Dainow’s main beef with GA is two-fold:
- It treats single-page visit as valid visits (i.e. it doesn’t remove them from visit counts or other related measures)
- It includes single-page visits in average visit duration calculations
He also remarks that Google did in fact change the way that GA calculated average visit duration last year, but then changed the calculation back in the face of user pressure:
Google intentionally rolled Google Analytics back so that it produced an incorrect average duration…It’s been that way ever since — Google is intentionally and knowingly providing inaccurate numbers because a few people preferred neatness to truth.
Brandt then proposes two alternative measures – ‘retained visits’ (the count of visits with more than one page impression) and ‘true average duration’ (the average duration of retained visits). These metrics are not without some merit – it’s useful to know how many visits contained more than one page view, and the average duration of these visits. But Brandt goes on to assert that these two metrics should replace the standard measurements of visits and average duration in GA and (presumably) other tools. This suggestion is ridiculous, for the following reasons:
- Contrary to Brandt’s assertions, there are a host of scenarios where a single-page visit is a perfectly valid visit, including, for example, this blog, for crying out loud, which has a high proportion of single-page visits because readers either just read the homepage and leave, or click through to an article from their RSS reader. So chucking all these kinds of visits out is crazy.
- Whilst the inaccuracy of including single-page visits in average visit duration calculations is known to be a problem, removing these visits from the calculation doesn’t yield a magically ‘accurate’ number, it just yields one that is inaccurate in a different way. You still have no idea how long people looked at the final page of their visit for, and with a two-page visit this can introduce a huge potential inaccuracy.
- Such standard metrics as exist in the web analytics industry are the result of long and arduous wrangling. There are no sacred cows, but you need a really good reason to exchange a simple and easy-to-understand metric for one which is more complex and offers no discernible benefit.
Whilst I can understand Brandt’s motivations for posting these ideas (which, I imagine, lie somewhere on a spectrum between a genuine desire to spark debate and a desire to generate a lot of traffic to his blog, in which regard I am obliging him), his remarks do irk me a bit (can you tell?), principally because he commits the unpardonable sin of absolutism when talking about web analytics, bandying about words like “truth” and “wrong” when really he is just presenting his own preferences.
When, as an industry, we can’t even agree what constitutes a visit, it’s pretty rich to start decrying one tool or another as ‘inaccurate’ simply because it takes an approach to data that you don’t believe in. And besides, as Brandt surely knows, Google Analytics now has the capability (via its custom segmentation) to calculate the metrics he seeks.

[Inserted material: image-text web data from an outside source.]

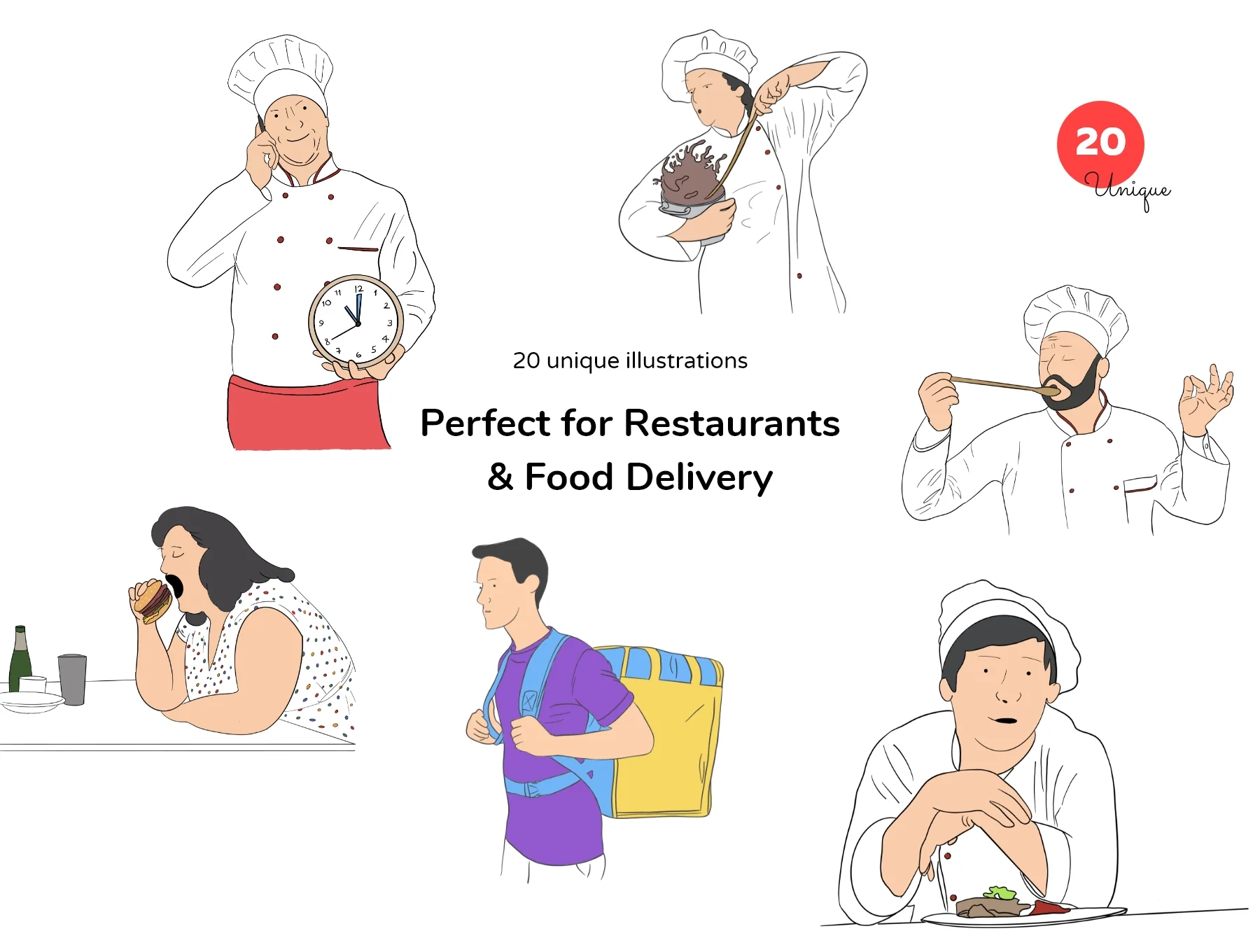Culi Restaurant/ Delivery Illustration Pack 2
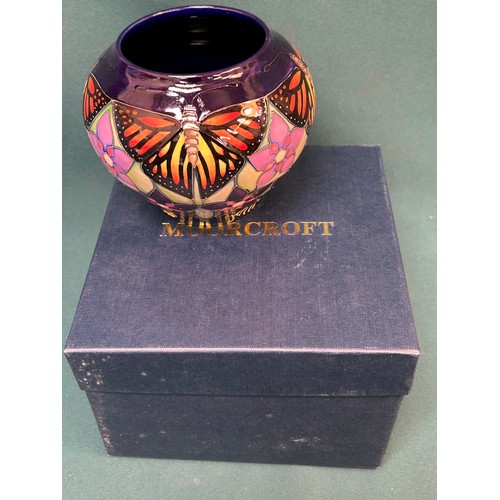8 - A Moorcroft vase in Monarch Butterfly pattern - signed to base & dated 2015 - with orginal box - 11c... 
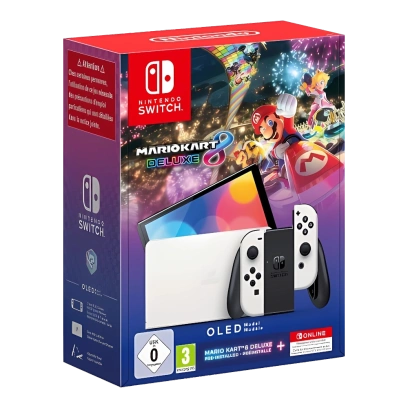 Konsola Nintendo Switch OLED Biała + Mario Kart 8 Deluxe + Nintendo Switch Online 12 miesięcy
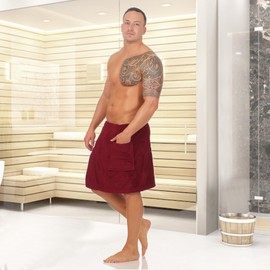 Class Home Collection Men's and Women's Terry Cotton Sauna Kilt with Velcro Fastener and Pocket, 50 x 136 cm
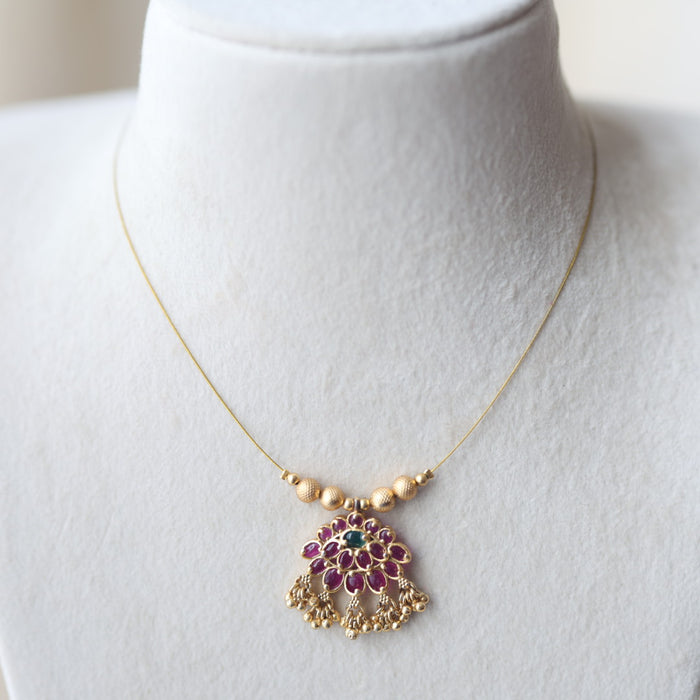 Antique ruby stone invisible short necklace IN2011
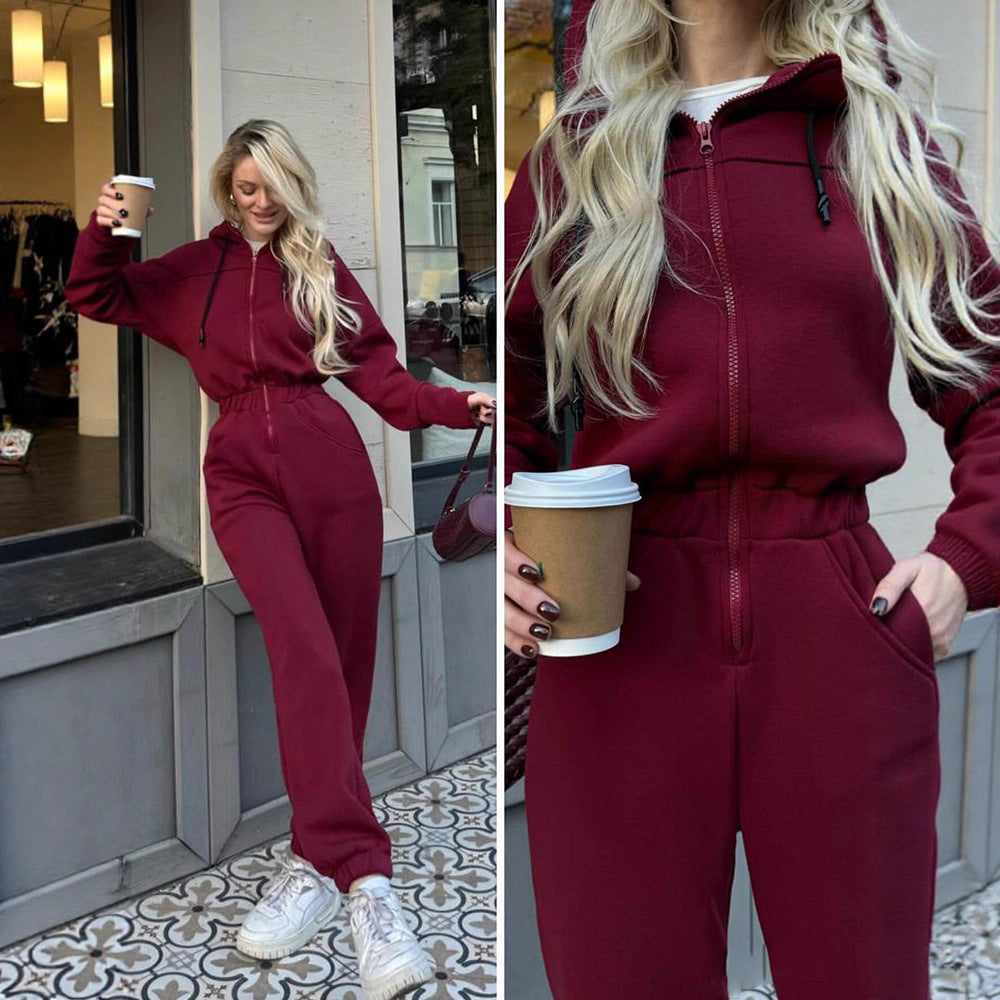 Kvinnors stiliga hoodie-set med dragkedja och fickor Mirla-Eva Jonsson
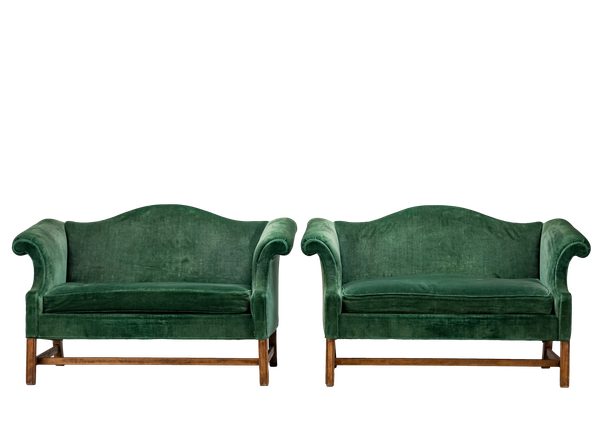 pair of velvet emerald green couches 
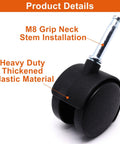 SWZHAI 2-inch black plastic swivel caster wheel with M8 grip-neck stem
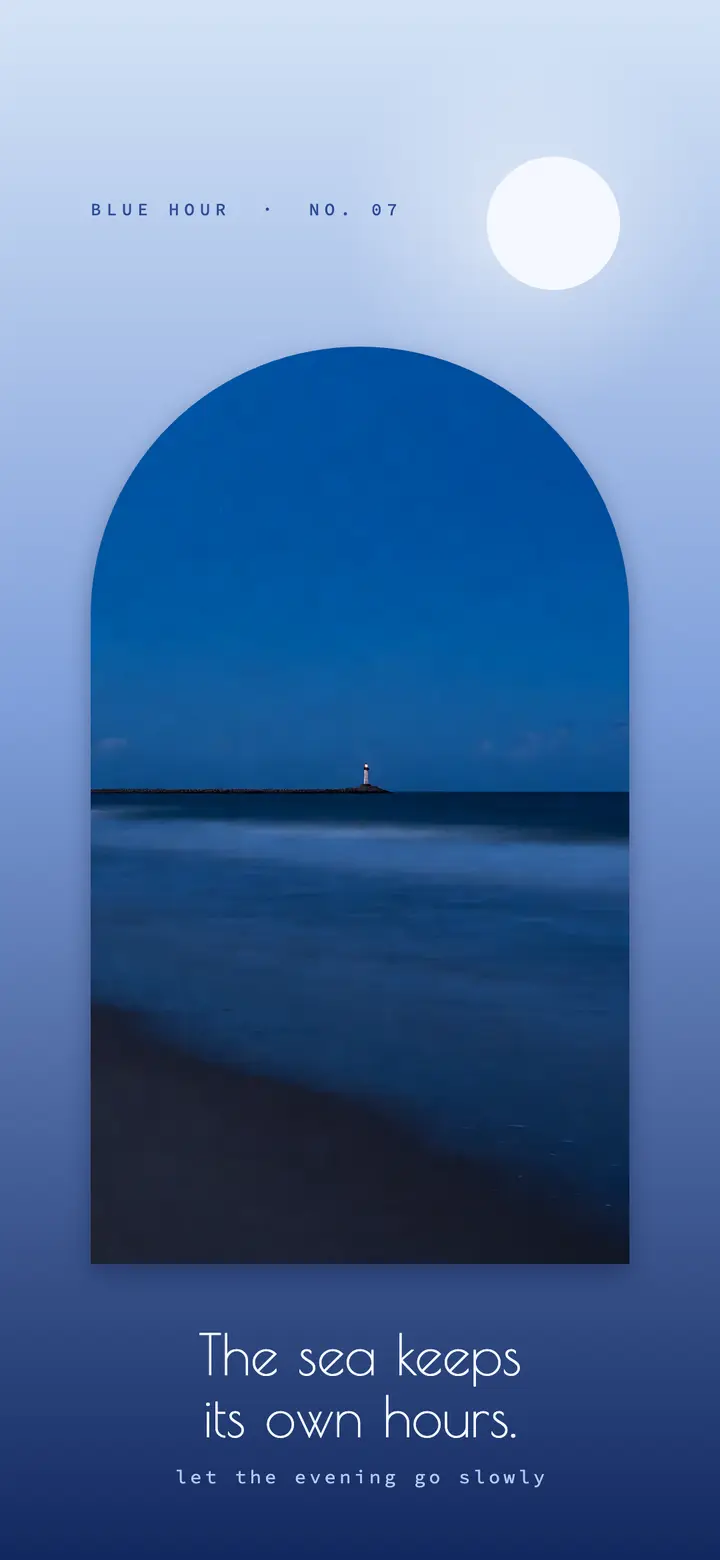 Blue hour shore quote phone wallpaper template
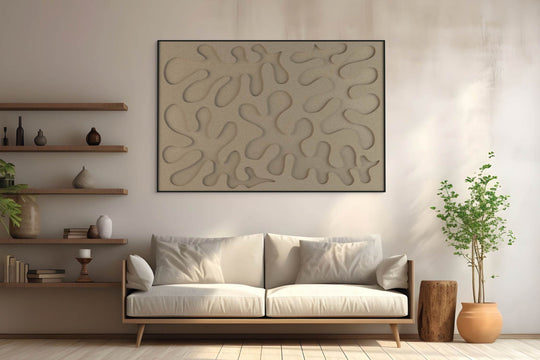 akoestisch schilderij | akoestisch kunstwerk | zand | 3D | Leaves | Pet vilt | liggend | rechthoekig | woonkamer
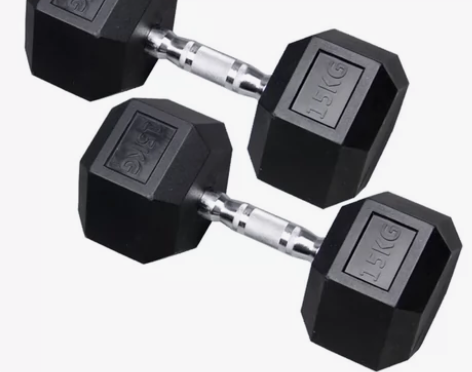 包胶六角哑铃男士健身器材健身房商用两个15...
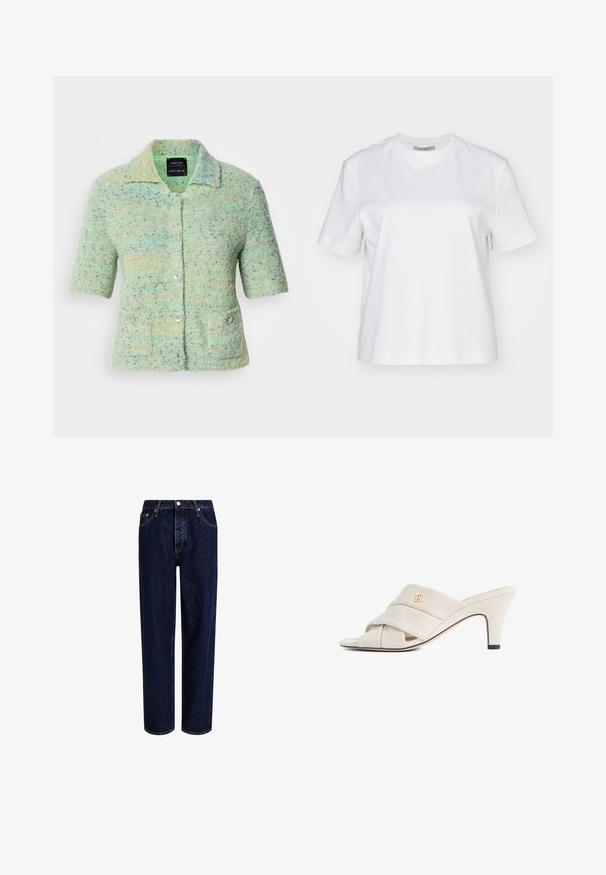 Cardigan en tricot vert menthe à manches courtes avec une finition texturée, ornée de taches colorées, d'un col et de quatre boutons de fermeture.; AllSaints LISA TEE - T-shirt basique - white; Jeans en denim bleu foncé avec une coupe droite, dotés d'une taille haute, d'un style à cinq poches et de coutures contrastantes. Sans embellissements.; Mules à talons hauts beiges avec un design de bride en cuir torsadé, bout ouvert et motif de logo en relief. Le talon présente un détail d'embout noir.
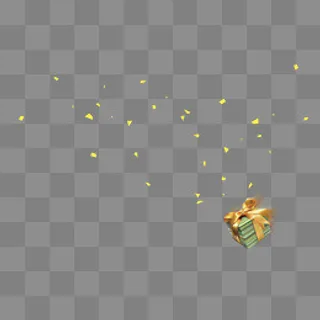 金色飞溅的碎片和礼物盒免抠图,免抠元素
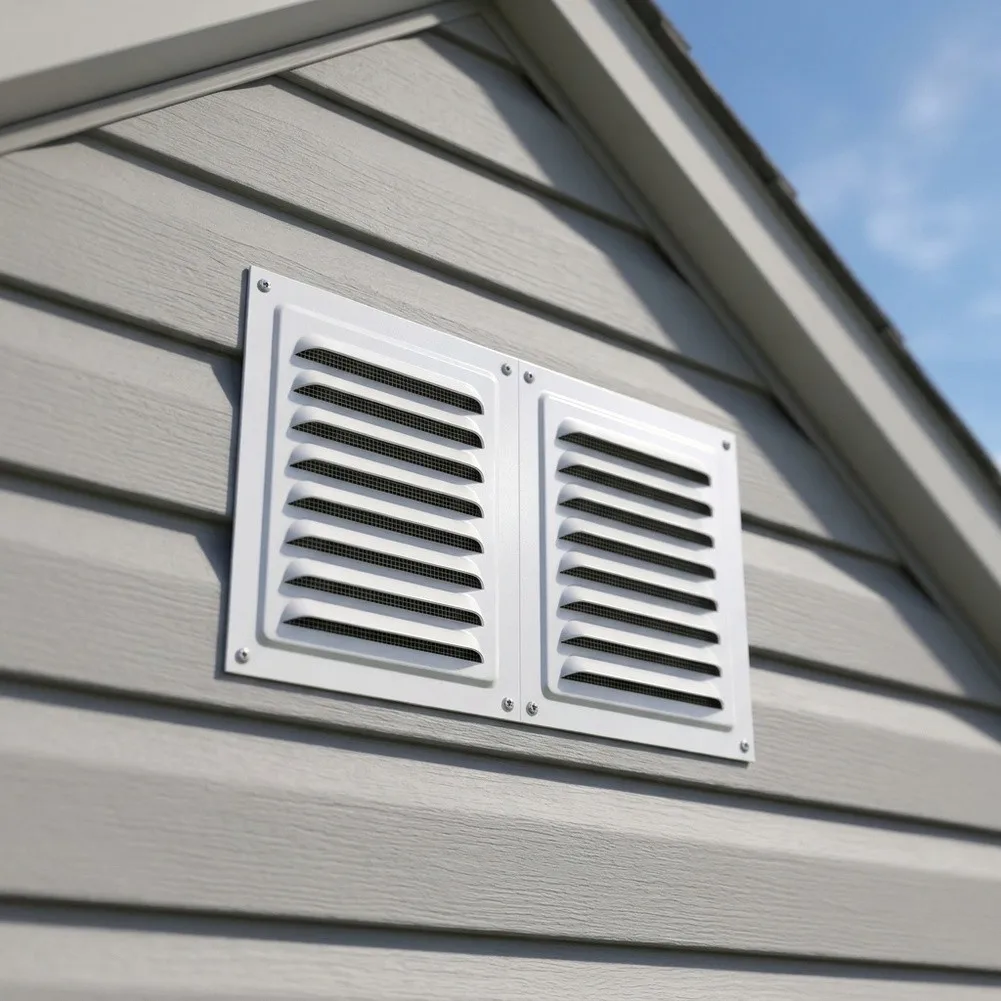 12x6 Stainless Steel Outdoor Vent with Louvered Louvres and Mesh Screen to Prevent Rainwater and Sand Infiltration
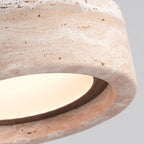 Lampa Wisząca Minimalistyczna z Okrągłym Kloszem z Trawertynu - 11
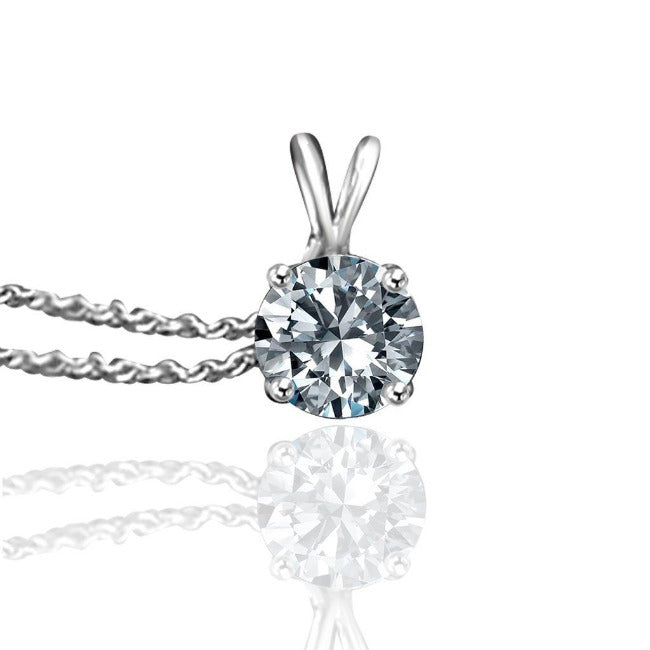 1.25 CT round cubic zirconia solitaire pendant in sterling silver, clear stone, 635P1.25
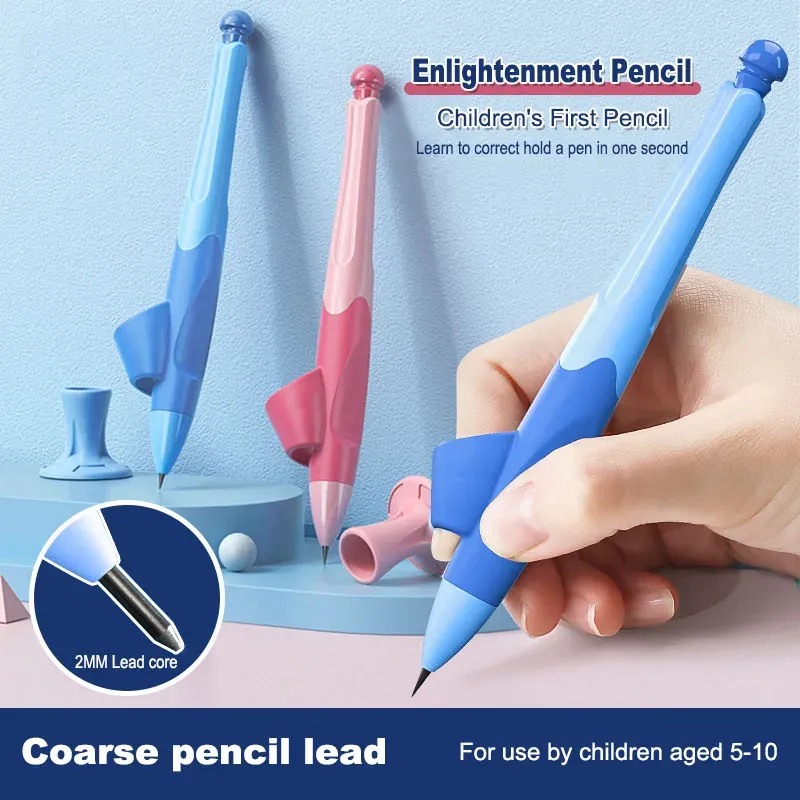 Pencils Children Mechanical Pencil 2.0mm HB Silicone Pen Grips for Kids Writing Correction Posture Pen with Pen box Eraser Lead Set Gift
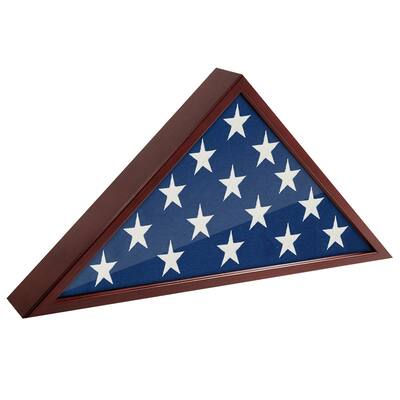 Americanflat Flag Display Case Frame, Large, Fits a Folded 5' x 9.5' Flag, Brown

Finally, as every half-experienced web practitioner (of whom Brandt seems to have a low opinion also) knows, the key to success in web analytics is to pick your metrics, stick to them, and measure them continuously as you make changes to your site and your marketing, to see what is working. If you’re looking to increase engagement, and have decided that visit duration is a good measure of this (a debatable point, as it happens), then it doesn’t matter whether you include single-page visits in your duration calculation – if your visit durations are going up, you’re happy. And if your visit durations suddenly jump because your web analytics vendor has changed the way they calculate the metric, this could in fact cause more pain than benefit, perhaps causing you to go to said vendor and say, “Oi! Change it back to how it was!”.
So feel free to read the article, but be warned: it’s not very accurate.
4 thoughts on “Brandt Dainow gets over-excited again”
I don’t condone name calling, but I got a full list here I could throw at that guy. How come I don’t get those iMedia gigs?!?
You’re right to be upset, and thanks for your “accurate” criticism of his fallacies.
Very interesting discussion!
Some of Brandt arguments could have some merit… if applied “in context”. Your answer is right on the spot! My belief is any metric is a good metric if you can explain it, and if it makes sense for your specific situation.
I totally agree the tone of his article is condescending. I do have my darker moments with Google, but Brandt post is, as you say, “unpardonable sin of absolutism”…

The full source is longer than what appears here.